The EIA reported crude inventories rose by 1.4 million barrels to 329 million barrels for the week ending Feb. 23 — roughly in line with the market forecast. Analysts expected crude stocks to rise by 1.2 million barrels, according to a Dow Jones Newswires survey.

Crude inventories are at the upper end of the average range for this time of year, the EIA said.

A barrel of crude oil was down 77 cents at $60.69 in morning trading on the New York Mercantile Exchange.

The report showed a bigger-than-expected, 3.8 million-barrel draw on distillates to 124.5 million barrels. Distillate inventories, which include heating oil and diesel fuel, were forecast to fall by 2.6 million barrels amid frigid temperatures last week in the Northeast, the nation’s largest heating oil market.

Gasoline inventories fell by 1.9 million barrels to 220.2 million barrels. Market analysts expected gasoline stockpiles to decline by 1.6 million barrels.

In the equity market, shares of the nation’s largest oil companies mostly traded higher. Exxon Mobil Corp. shares jumped $1.23, or 2 percent, to $73.22 on the New York Stock Exchange, as the broader market stabilized after a major sell-off on Tuesday.
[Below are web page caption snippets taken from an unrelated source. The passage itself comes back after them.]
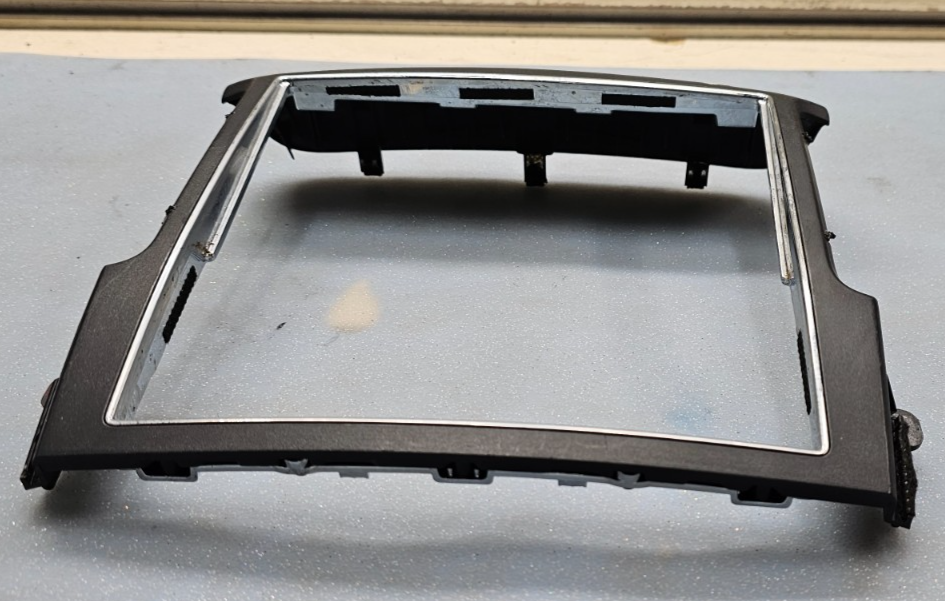 🔥07-09 Sorento Stereo Radio Audio Display Dash Bezel Trim Panel Cover Black 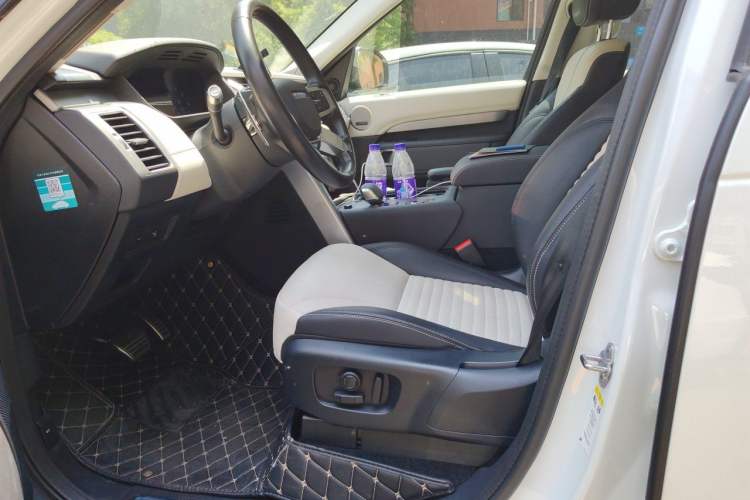 Used Land Rover Discovery 2021 360 PS R-Dynamic SE Left Front Seat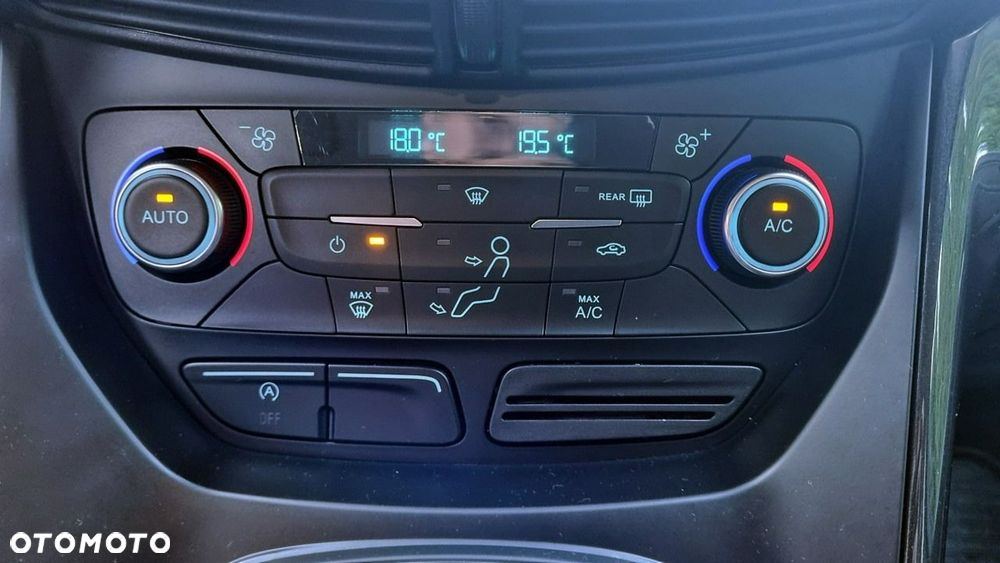 Ford Kuga - 16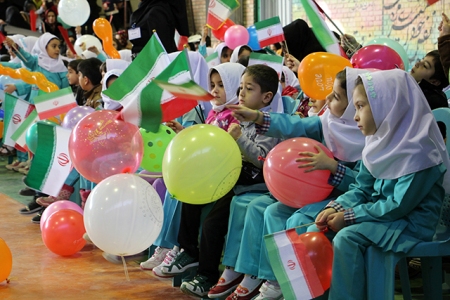 زنگ شکوفه ها در مدارس کشور نواخته شد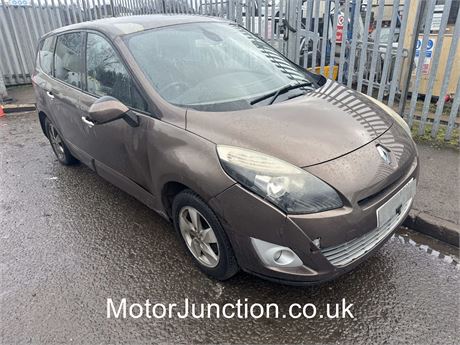 11 - BRONZE Renault Grand Scenic Dynamique TomTom dCi- EZWXCH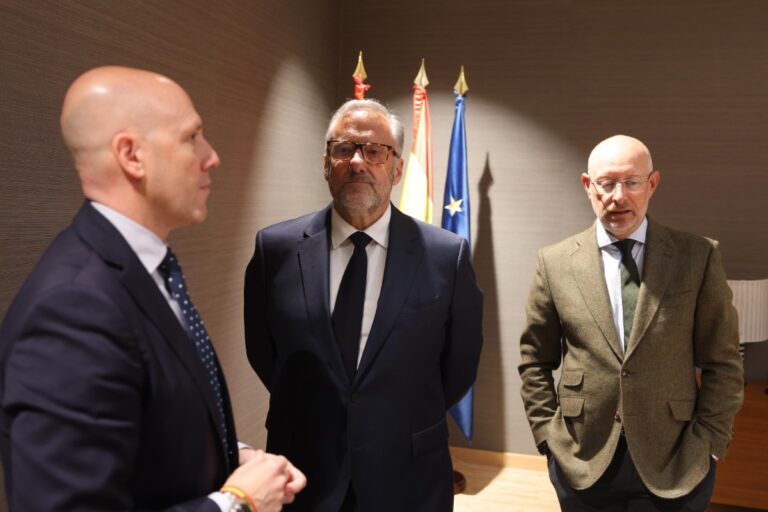 Carlos Pollán (VOX), tras la reunión con Mañueco: «Nuestra intención es cambiar las políticas de Castilla y León, medida a medida, y con garantías y plazos de cumplimiento»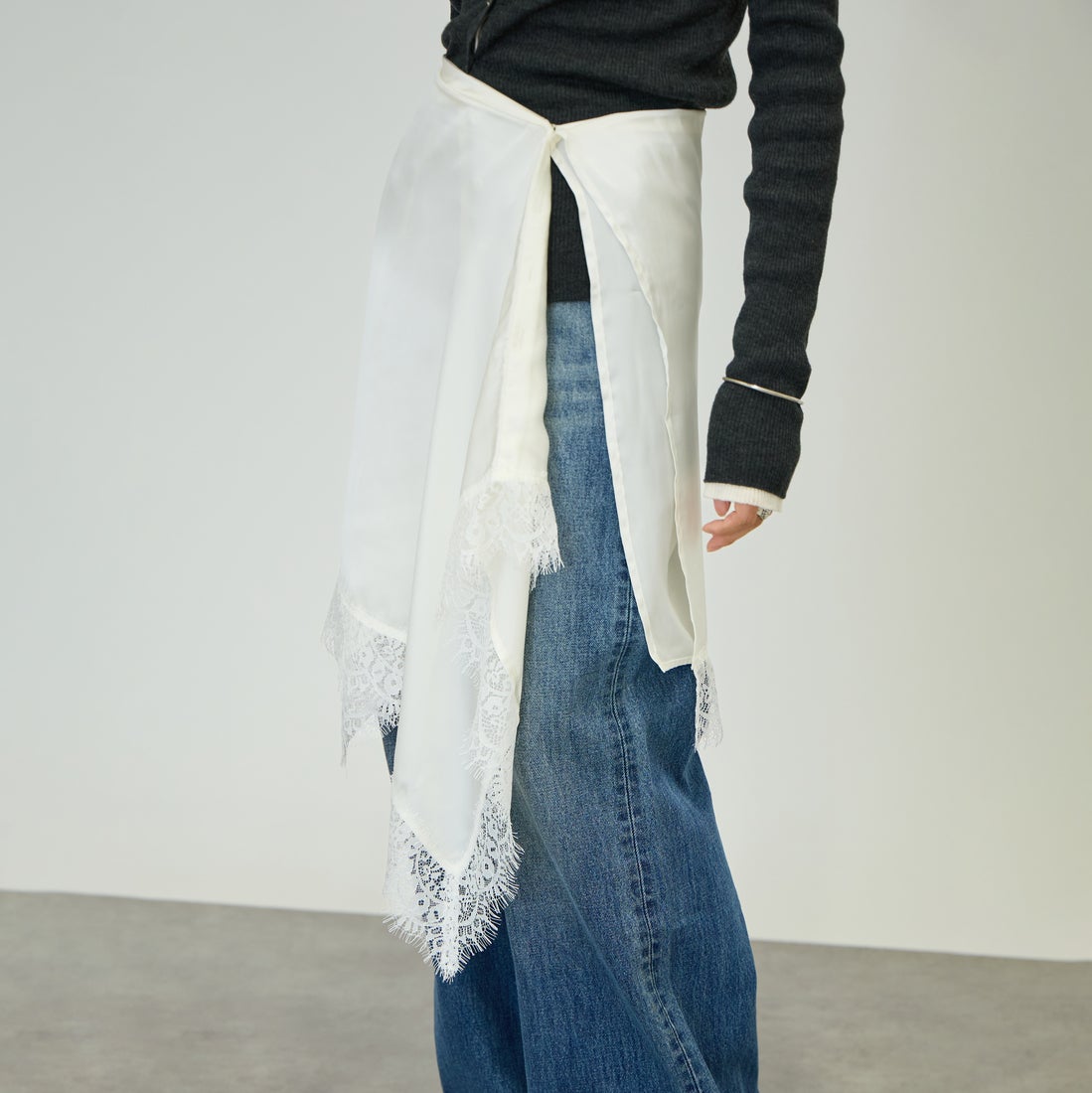nenom [ネノム] マルチWAY サテンレーススカーフ [NE26332008] 02 OFF &&モデル身長：162cm 着用サイズ：F&&
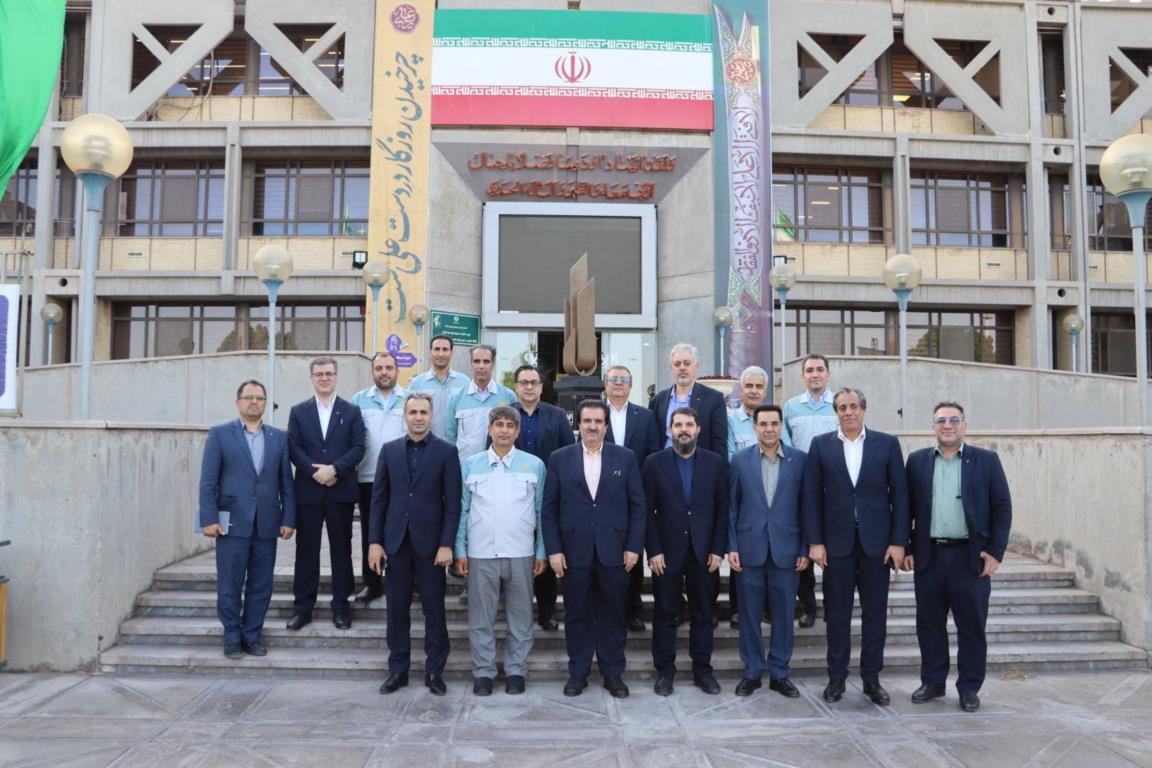 آمادگی بانک رفاه کارگران برای حمایت از صنعت فولاد کشور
Among the independent oil producers, which don’t refine or market petroleum products, shares of Devon Energy Corp. fell 7 cents to $65.50 and Chesapeake Energy Corp. shares rose 24 cents to $30.61 on the Big Board refiners, including Tesoro Corp. and Sunoco Inc., rose as well — Tesoro up $2.14, or 2.4 percent, at $90.78 and Sunoco 85 cents higher at $64.87.